DATA EXTRACTS: Begin

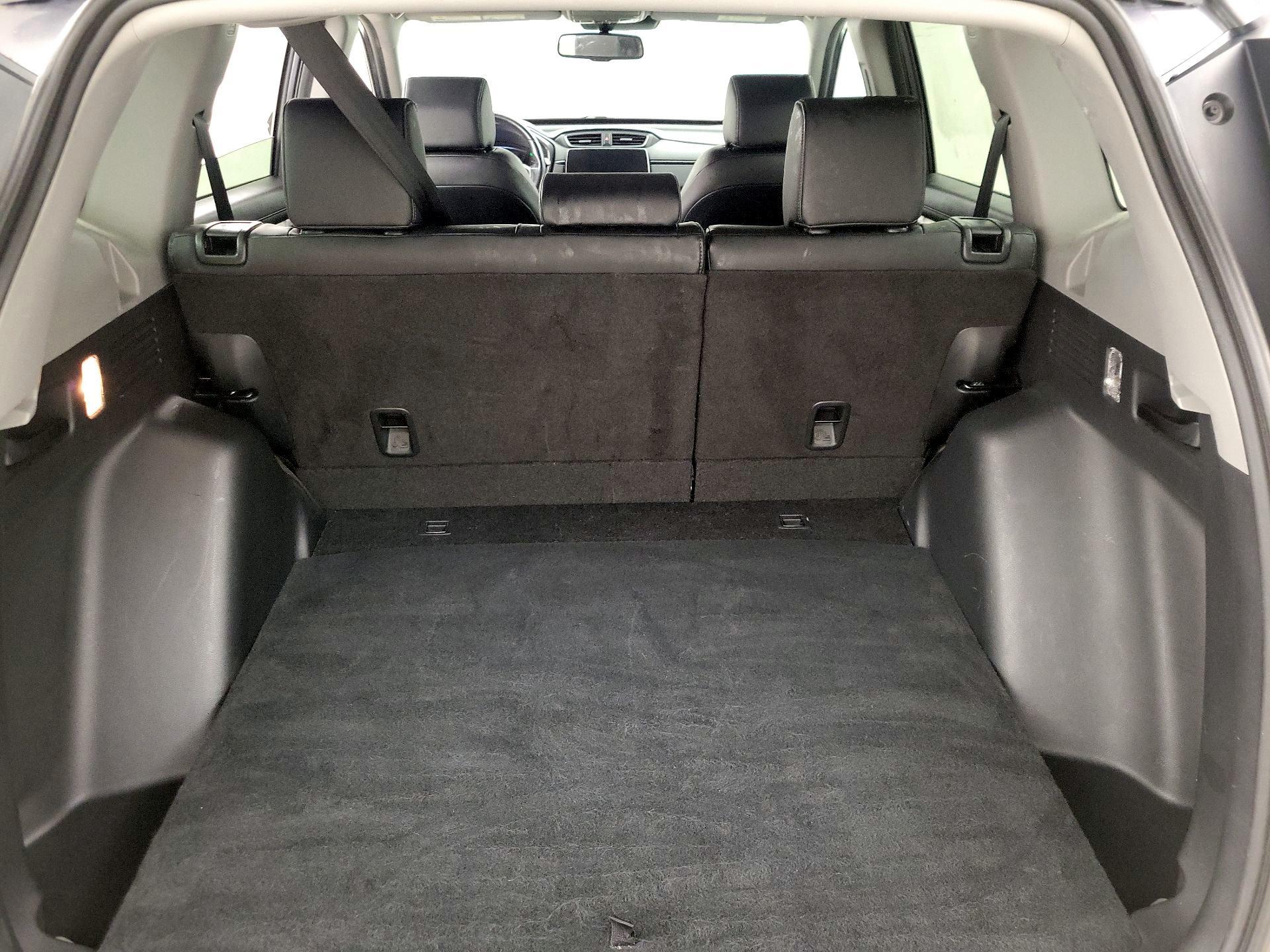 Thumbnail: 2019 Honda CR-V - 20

DATA EXTRACTS: End
DATA EXTRACTS: Begin

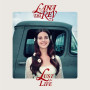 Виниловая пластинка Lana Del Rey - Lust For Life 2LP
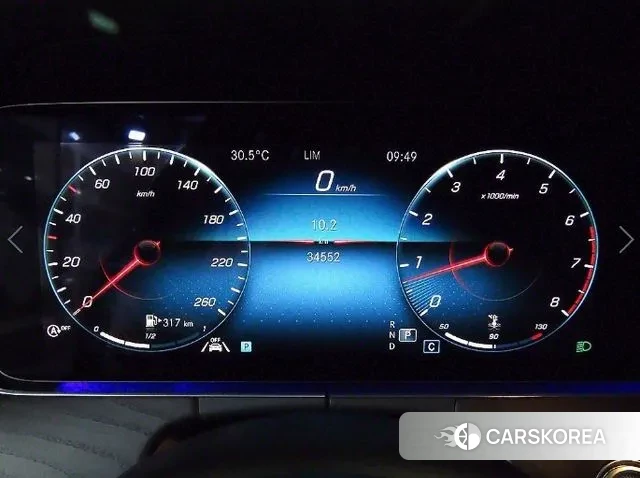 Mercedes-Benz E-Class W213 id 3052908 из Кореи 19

DATA EXTRACTS: End
DATA EXTRACTS: Begin

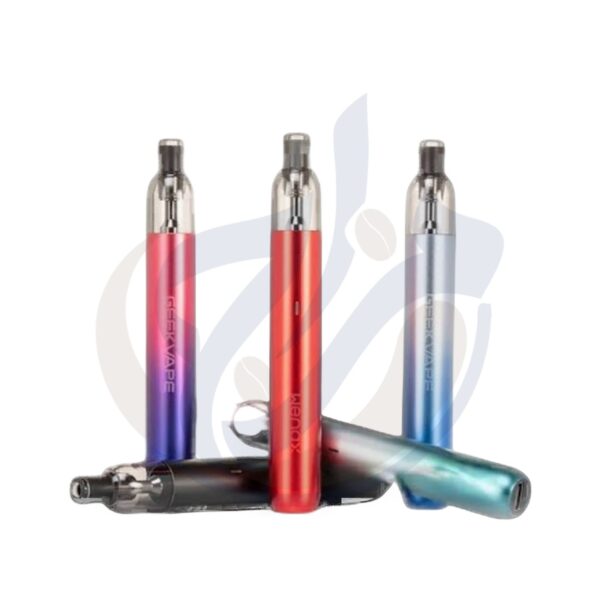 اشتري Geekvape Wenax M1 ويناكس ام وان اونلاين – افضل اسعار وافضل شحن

DATA EXTRACTS: End

▶ [TASK OBJECTIVE]:
Above are the records; please give again, exactly and in full, only the lines that run from the line with "Виниловая пластинка Lana" through the line with "Mercedes-Benz E-Class W213", with no pictures.

▶ [RESPONSE BELOW]:
 Виниловая пластинка Lana Del Rey - Lust For Life 2LP
 Mercedes-Benz E-Class W213 id 3052908 из Кореи 19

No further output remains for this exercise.